BEGIN GIVEN ENTRIES
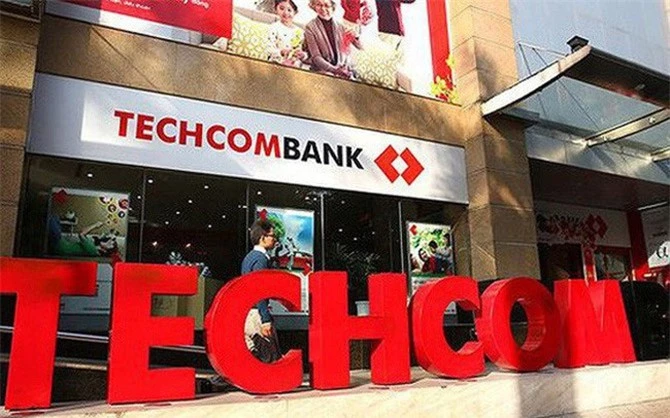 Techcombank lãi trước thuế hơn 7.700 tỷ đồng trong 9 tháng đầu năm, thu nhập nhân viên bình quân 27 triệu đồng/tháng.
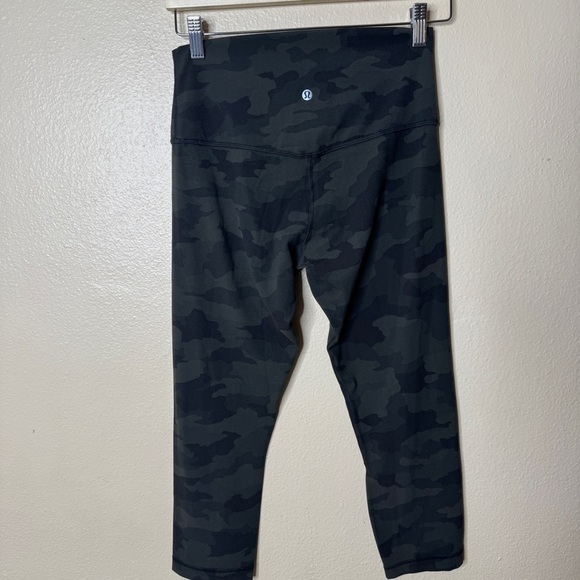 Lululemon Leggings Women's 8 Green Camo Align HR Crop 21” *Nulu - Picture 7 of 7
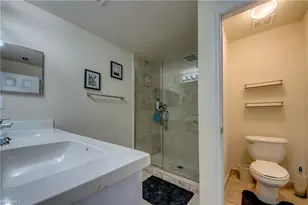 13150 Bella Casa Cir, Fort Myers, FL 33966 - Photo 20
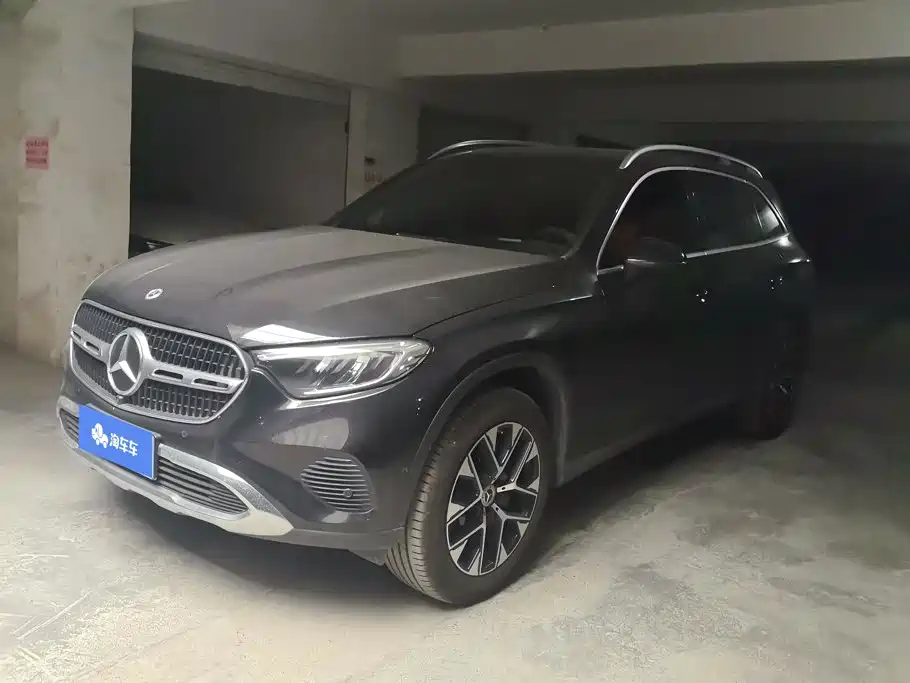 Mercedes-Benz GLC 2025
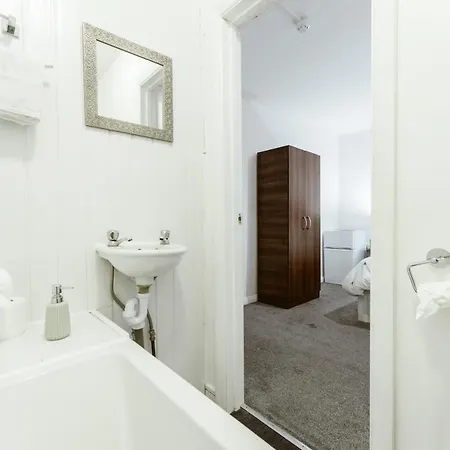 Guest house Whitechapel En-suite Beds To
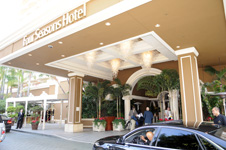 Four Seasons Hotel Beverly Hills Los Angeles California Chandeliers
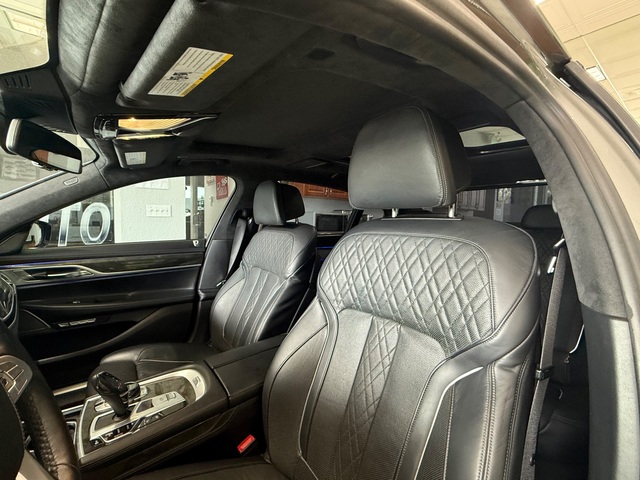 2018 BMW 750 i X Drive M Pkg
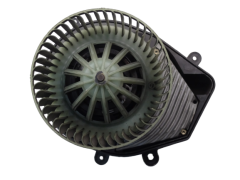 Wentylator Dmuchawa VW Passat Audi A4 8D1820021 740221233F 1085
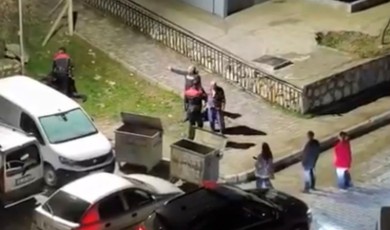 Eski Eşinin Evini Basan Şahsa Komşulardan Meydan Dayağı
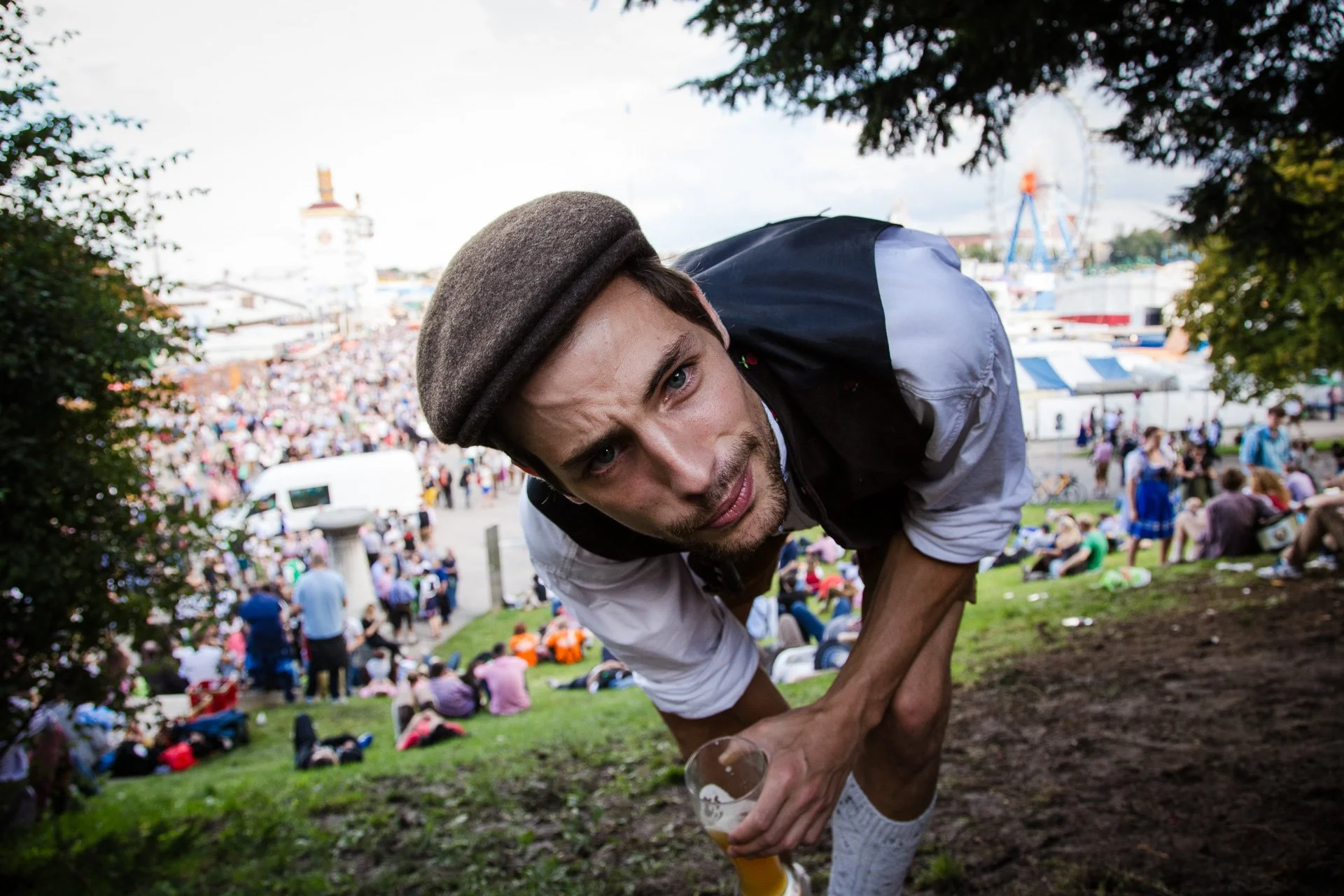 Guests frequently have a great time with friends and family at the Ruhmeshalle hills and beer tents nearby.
END GIVEN ENTRIES
EXERCISE DIRECTIONS:
Return all the lines above exactly; none of the pictures should appear.

WRITTEN SOLUTION:
 Techcombank lãi trước thuế hơn 7.700 tỷ đồng trong 9 tháng đầu năm, thu nhập nhân viên bình quân 27 triệu đồng/tháng.
 Lululemon Leggings Women's 8 Green Camo Align HR Crop 21” *Nulu - Picture 7 of 7
 13150 Bella Casa Cir, Fort Myers, FL 33966 - Photo 20
 Mercedes-Benz GLC 2025
 Guest house Whitechapel En-suite Beds To
 Four Seasons Hotel Beverly Hills Los Angeles California Chandeliers
 2018 BMW 750 i X Drive M Pkg
 Wentylator Dmuchawa VW Passat Audi A4 8D1820021 740221233F 1085
 Eski Eşinin Evini Basan Şahsa Komşulardan Meydan Dayağı
 Guests frequently have a great time with friends and family at the Ruhmeshalle hills and beer tents nearby.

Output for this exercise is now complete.